Sunday, January 09, 2000
Schools nervous about possible change in taxes
State collection could cost them
BY ANDREA TORTORA
The Cincinnati Enquirer
Two proposals headed to the Kentucky General Assembly proposing to change the way utility taxes are collected have schools worried about lost revenues.
The telecommunications industry wants a streamlined statewide collection system to replace the individual collection systems in each of the 155 school districts with a utility tax.
Gas and electric providers favor local collection but want to pay taxes on the unit of consumption rather than the dollar value of the transaction.
Such changes could mean:
More tax monies by making it easier to get payments from out-of-state companies.
Additional costs for a state collection system.
Taxpayer money from one municipality might end up in other parts of the state.
There are a lot of issues and unanswered questions to this, said Ora Cobb, Bellevue Schools superintendent. My biggest concern is that the state would collect from all residents in the state.
All but 21 of the state's 176 school districts now rely on a utility tax for revenue.
That could be a problem for a district like Bellevue, which has no utility tax. If the state collects the revenue from all residents and none of it is slated to go back to the school district, that money could be sent elsewhere.
Dr. Cobb said he also wonders what happens to a city. Bellevue schools now pay between $35,000 and $40,000 a year in city utility taxes. But how much of that money would end up back in city coffers if it first went to the state?
Such questions are hard to answer because there is a lack of good data, said Kyna Koch, Kentucky's director of school finance.
Both industries are trying to pull together specific data for individual school districts to get some good numbers, Ms. Koch said. The problem is there are a lot of unknowns.
Representatives for both industries said they think more taxes will be collected under their proposals, but there is no way to know how much more.
There is also no way to know how much it might cost the state to make those collections.
Schools have a right to be concerned, but the Education Department has been working very closly with the industries and legislators and they all agree schools need to be protected, Ms. Koch said.
Ron Miller, spokesman for Louisville Gas and Electric, said his company did not want to comment on the proposals this early in the process.
Tom Luber, an attorney for the Kentucky telecommunications industry, could not be reached for comment.
Fred Bassett, Beechwood Schools superintendent, said schools are already struggling to generate additional monies.

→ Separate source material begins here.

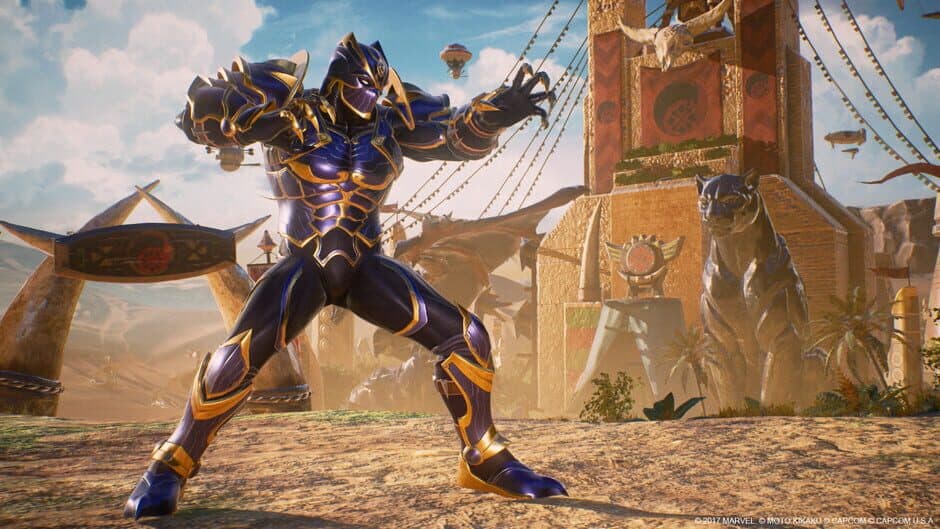 Скриншот 1 из Marvel vs. Capcom: Infinite - Black Panther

Utility taxes or permissive taxes and occupational taxes have become more and more important, and more districts have passed them because of the drop in the percentage of the state budget going toward education, Dr. Bassett said.
Beechwood receives $243,959, or 6 percent of its $4.16 million general fund, from such permissive taxes.
Many educators claim that since the 1990 passage of the Kentucky Education Reform Act, the percentage of the state's budget used for education has declined.
At the same time, only three of the state's 176 school districts have been able to get voter approval for a tax increase.
School districts can increase taxes up to 4 percent each year without going to voters.
Beechwood increased property taxes; Fort Thomas increased a utility tax and Owen County voters approved a property tax increase.
Boone County and Bellevue schools had utility tax initiatives fail at the polls.
We are very concerned, said Brad Hughes, spokesman for the Kentucky School Boards Association (KSBA). The major concern we have is a loss of revenue. No one has been able to even put a guesstimate together of how much the winners and losers would be if this passes.
The Education Department expects the gas, electric and telecommunications industries to each file legislation to push their own agendas.
The KSBA, as well as many school districts and cities, plan to fight those proposals, at least until more specific facts are available.